Pakistan Makes No Progress on Madressah Reforms

Pakistan Makes No Progress on Madressah Reforms

3 Min
South Asia
Madressah reforms was a plank adopted by Gen Pervez Musharraf  as one of the many survival instincts as he rolled back at least for the record  pro-Taliban policy of his predecessors.  Like ever before the United States opened its purse strings hoping that the highway to capture Pakistani mind was through the time honored religious schools.  But as Khawar Ghumman’s report in Dawn (Oct 19) shows not only Musharraf regime but also his successor regime, the government of President Asif Ali Zardari has also miserably failed to make any headway.

After passage of the 18th amendment, the federal government in Islamabad has washed its hands of the subject of `Islamic education`; the subject falls within the purview of the four provinces of the country; whether the secular dispensation in the Talibanised North-West Frontier Province, now called   Khyber Pakhtunkhwa nor the politically powerful Punjab province  have shown any inclination to come to grips with the madressah phenomenon which is at the root cause  religious violence that has been rocking the land of the pure. The killing of 13 Shia Muslims near Quetta on Oct 4, while on their way to their holy sites in Iran is the latest grim reminder of how intolerant Pakistan has become when it comes to religious freedom. Human Rights Commission of Pakistan, a highly respected NGO, estimates that 418 people were killed in various attacks on Muslim sects, including 211 in suicide bombing in 2010.

The Musharraf government negotiated the madressah reforms with Itehad Tanzeemat-i-Madaris Pakistan (ITMP) but failed to achieve any tangible results. The Zardari government is more or less pursuing the same line with the very same ITMP, and the results are no different either.  
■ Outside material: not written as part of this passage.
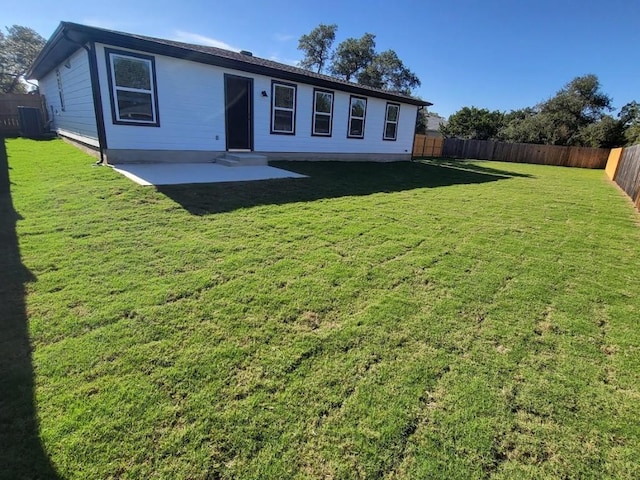 rear view of property with a patio and a lawn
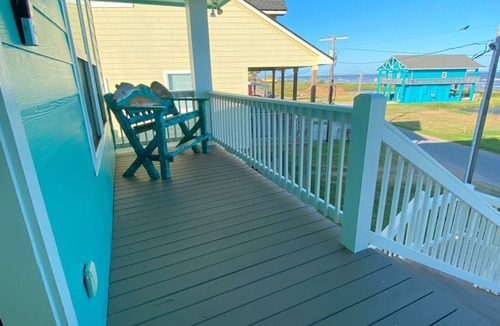 Cedar Lane House | Beautiful beach house boasts a scenic water view from its front and back doors.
As Dawn report highlights the dichotomy is there to see clearly. One the one hand the government talks about establishment of a central regulatory authority to oversee working of all five Wafaqs, which manage seminaries representing different schools of thoughts. At the same time, it claims helplessness under the 18th amendment while professing commitment to madressah reforms aimed at ‘rationalization of the syllabus’ and their ‘mainstreaming’. More importantly, rather significantly enough, the Zardari government in 2009 transferred the project of madressah reforms from the education ministry to the interior ministry led by Rehman Malik.  And Federal Minister for Religious Affairs Syed Khurshid Shah, who is the government’s interface with ITMP, is busy as President Zardari’s trouble shooter as the PPP government is hurtling from one crisis to another with each ally demanding their own pound of political flesh.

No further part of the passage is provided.